Re: capacity planning

Posted by Travis Low <tl...@4centurion.com>.
Our plan for the VM is just benchmarking, not production.  We will turn off
all guest machines, then configure a Solr VM.  Then we'll tweak memory and
see what effect it has on indexing and searching.  Then we'll reconfigure
the number of processors used and see what that does.  Then again with more
disk space.  And so on.  We'll try to start with a reasonable configuration
and then make intelligent guesses for our changes so we don't spend a year
on this.

What we are trying to avoid is configuring a brand new box at the hoster,
only to find we need a bigger and better box.  Or, paying too much for
something we don't need.

Thanks everyone for your input, it was very helpful.

cheers,
Travis

On Tue, Oct 11, 2011 at 2:19 PM, eks dev <ek...@yahoo.co.uk> wrote:

> Re. "I have little experience with VM servers for search."
>
> We had huge performance penalty on VMs,  CPU was bottleneck.
> We couldn't freely run measurements to figure out what the problem really
> was (hosting was contracted by customer...), but it was something pretty
> scary, kind of 8-10 times slower than advertised dedicated equivalent.
> Whatever its worth, if you can afford it, keep lucene away from it. Lucene
> is highly optimized machine, and someone twiddling with context switches is
> not welcome there.
>
> Of course, if you get IO bound, it makes no big diff anyhow.
>
> This is just my singular experience, might be the hosting team did not
> configure it right, or something changed in meantime (~ 4 Years old
> experience),  but we burnt our fingers that hard I still remember it
>
>
>
>
> On Tue, Oct 11, 2011 at 7:49 PM, Toke Eskildsen <te@statsbiblioteket.dk
> >wrote:
>
> > Travis Low [tlow@4centurion.com] wrote:
> > > Toke, thanks.  Comments embedded (hope that's okay):
> >
> > Inline or top-posting?
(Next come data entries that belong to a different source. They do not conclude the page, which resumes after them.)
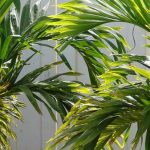 Veitchia (Adonidia): Pflanzung, Pflege und Kultivierung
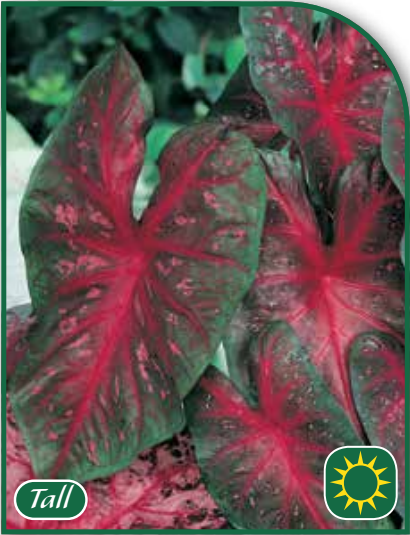 Caladium Red Flash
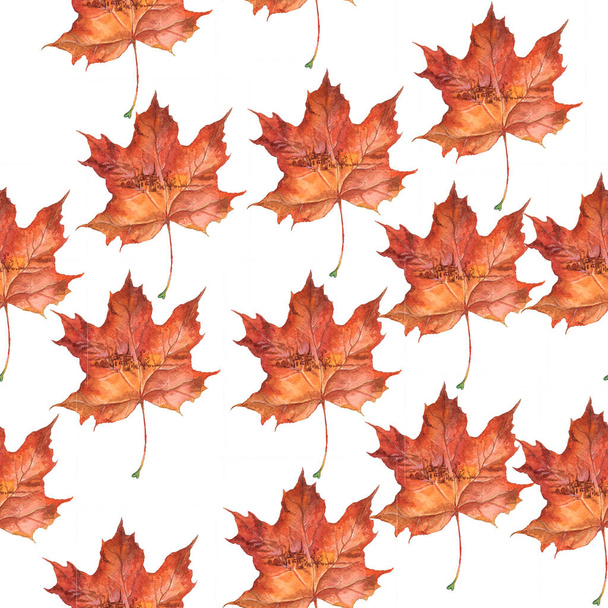 Seamless pattern. Autumn pattern from maple leaves. Autumn maple tree leaf for the design of greeting cards, holiday banners, and posters. - Фото, изображение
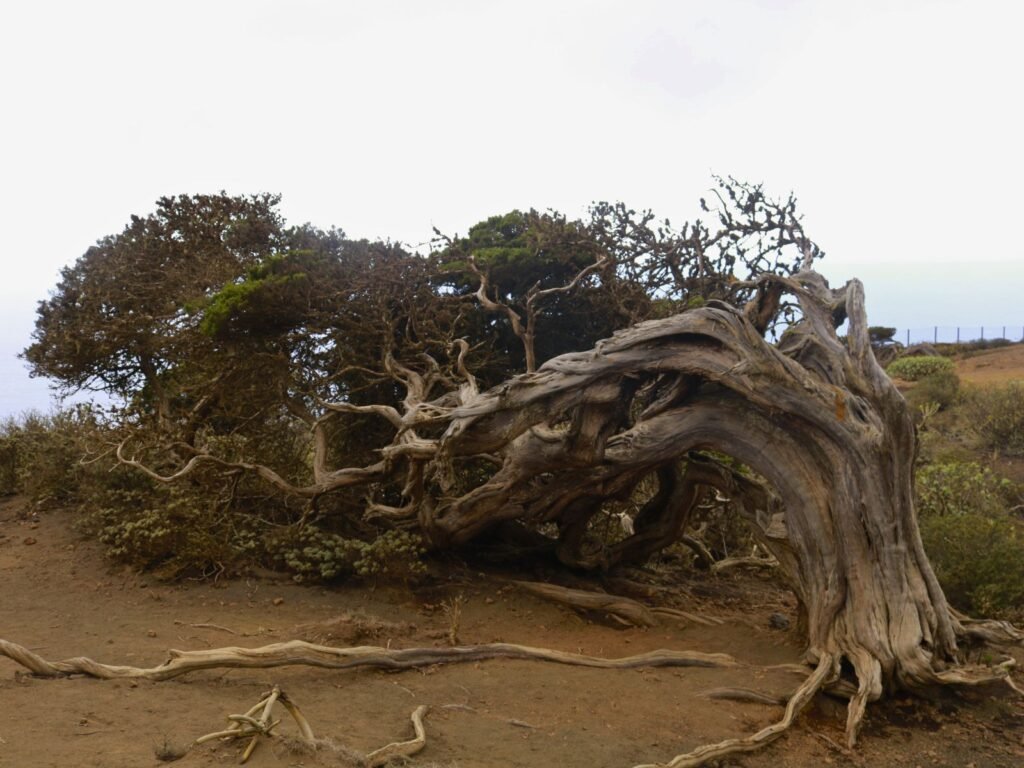 Sabina en el Sabinar de El Hierro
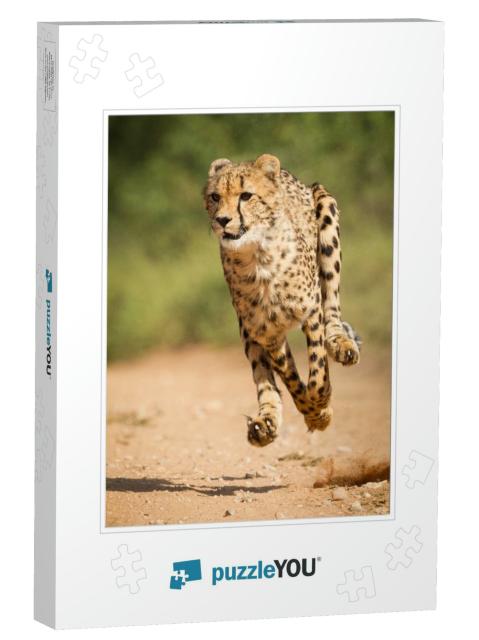 Vertical Shot of Adult Cheetah Running At Top Speed with... Jigsaw Puzzle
Long discussion, but for mailing lists I clearly
> > prefer the former.
> >
> > [Toke: Estimate characters]
> >
> > > Yes.  We estimate each of the 23K DB records has 600 pages of text for
> > the
> > > combined documents, 300 words per page, 5 characters per word.  Which
> > > coincidentally works out to about 21GB, so good guessing there. :)
> >
> > Heh. Lucky Guess indeed, although the factors were off. Anyway, 21GB does
> > not sound scary at all.
> >
> > > The way it works is we have researchers modifying the DB records during
> > the
> > > day, and they may upload documents at that time.  We estimate 50-60
> > uploads
> > > throughout the day.  If possible, we'd like to index them as they are
> > > uploaded, but if that would negatively affect the search, then we can
> > > rebuild the index nightly.
> > >
> > > Which is better?
> >
> > The analyzing part is only CPU and you're running multi-core so as long
> as
> > you only analyze using one thread you're safe there. That leaves us with
> > I/O: Even for spinning drives, a daily load of just 60 updates of 1MB of
> > extracted text each shouldn't have any real effect - with the usual
> caveat
> > that large merges should be avoided by either optimizing at night or
> > tweaking merge policy to avoid large segments. With such a relatively
> small
> > index, (re)opening and warm up should be painless too.
> >
> > Summary: 300GB is a fair amount of data and takes some power to crunch.
> > However, in the Solr/Lucene end your index size and your update rates are
> > nothing to worry about. Usual caveat for advanced use and all that
> applies.
> >
> > [Toke: i7, 8GB, 1TB spinning, 256GB SSD]
> >
> > > We have a very beefy VM server that we will use for benchmarking, but
> > your
> > > specs provide a starting point.  Thanks very much for that.
> >
> > I have little experience with VM servers for search. Although we use a
> lot
> > of virtual machines, we use dedicated machines for our searchers,
> primarily
> > to ensure low latency for I/O. They might be fine for that too, but we
> > haven't tried it yet.
> >
> > Glad to be of help,
> > Toke
>



-- 

**

*Travis Low, Director of Development*


** <tl...@4centurion.com>* *

*Centurion Research Solutions, LLC*

*14048 ParkEast Circle *•* Suite 100 *•* Chantilly, VA 20151*

*703-956-6276 *•* 703-378-4474 (fax)*

*http://www.centurionresearch.com* <http://www.centurionresearch.com>

**The information contained in this email message is confidential and
protected from disclosure.  If you are not the intended recipient, any use
or dissemination of this communication, including attachments, is strictly
prohibited.  If you received this email message in error, please delete it
and immediately notify the sender.

This email message and any attachments have been scanned and are believed to
be free of malicious software and defects that might affect any computer
system in which they are received and opened. No responsibility is accepted
by Centurion Research Solutions, LLC for any loss or damage arising from the
content of this email.

Re: capacity planning

Posted by eks dev <ek...@yahoo.co.uk>.
Re. "I have little experience with VM servers for search."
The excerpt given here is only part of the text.